**Captioned web images**:
----

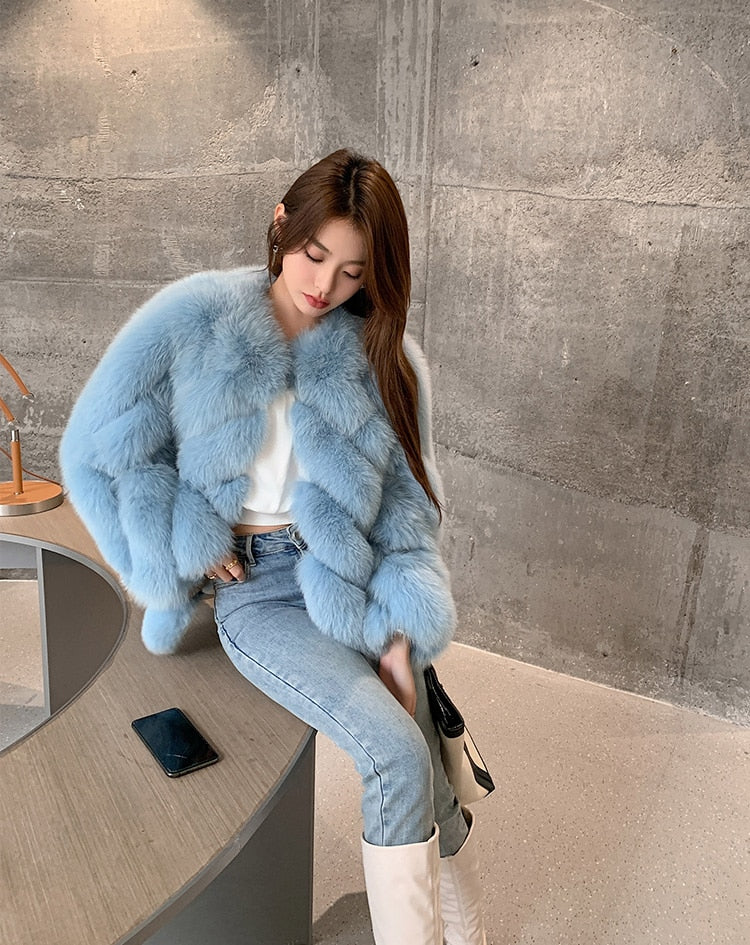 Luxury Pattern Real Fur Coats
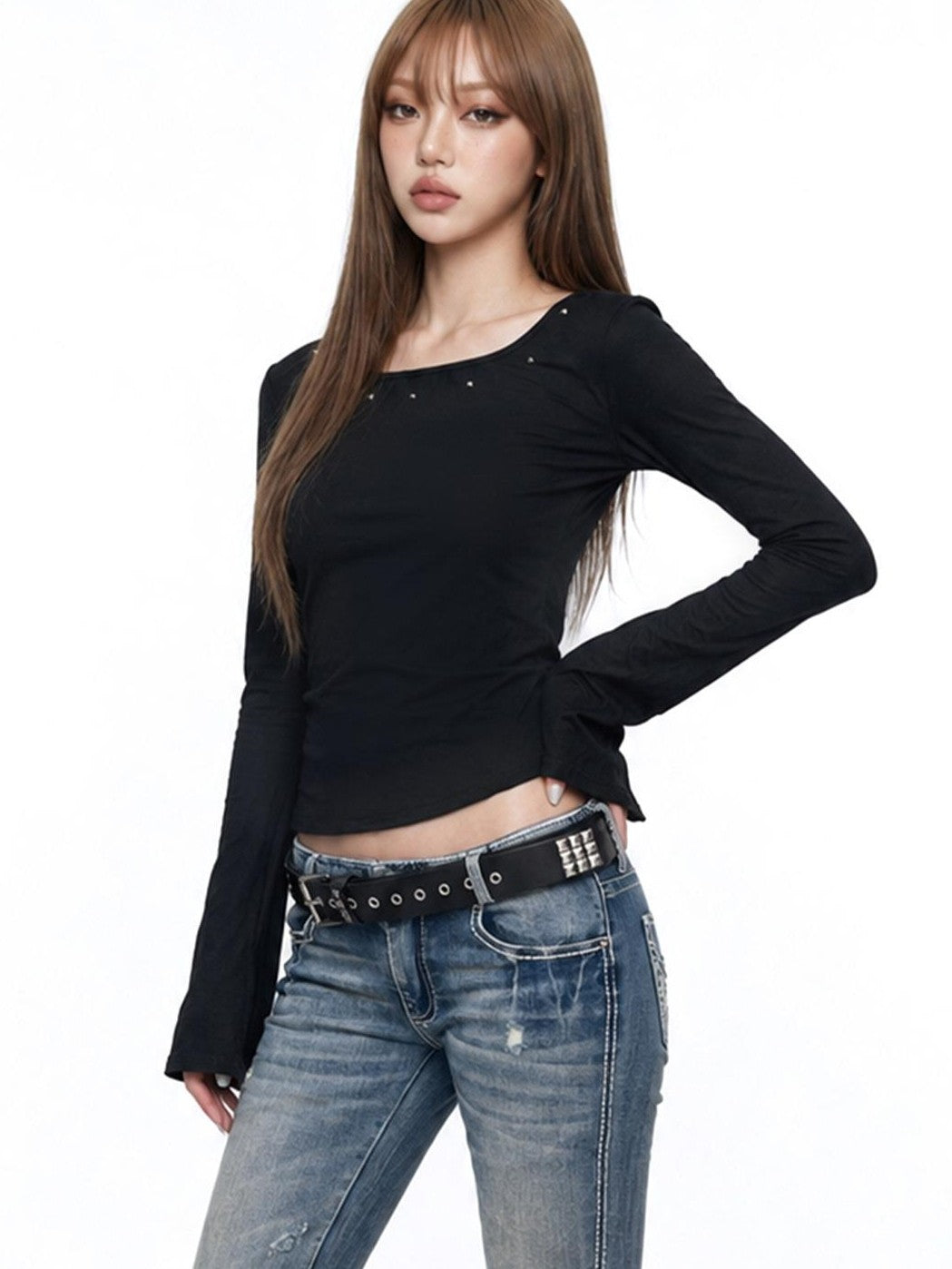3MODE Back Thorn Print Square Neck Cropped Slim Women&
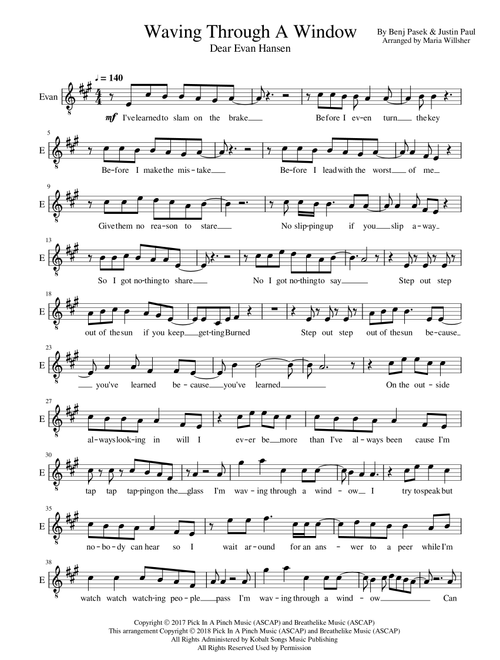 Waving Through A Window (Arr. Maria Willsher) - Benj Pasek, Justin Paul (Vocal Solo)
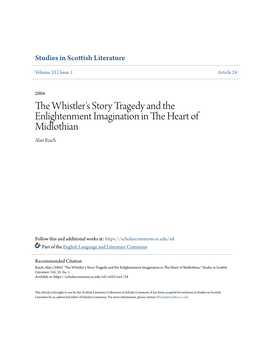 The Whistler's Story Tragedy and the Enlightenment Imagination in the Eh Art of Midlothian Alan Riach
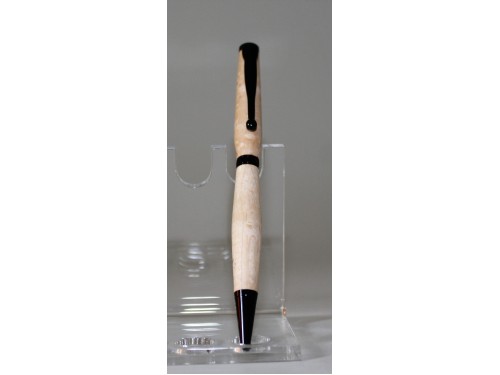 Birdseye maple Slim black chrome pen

----

**Exercise objective**: Exact output of each line above is wanted, without the pictures.

**Response to the task**:
 Luxury Pattern Real Fur Coats
3MODE Back Thorn Print Square Neck Cropped Slim Women&
 Waving Through A Window (Arr. Maria Willsher) - Benj Pasek, Justin Paul (Vocal Solo)
 The Whistler's Story Tragedy and the Enlightenment Imagination in the Eh Art of Midlothian Alan Riach
 Birdseye maple Slim black chrome pen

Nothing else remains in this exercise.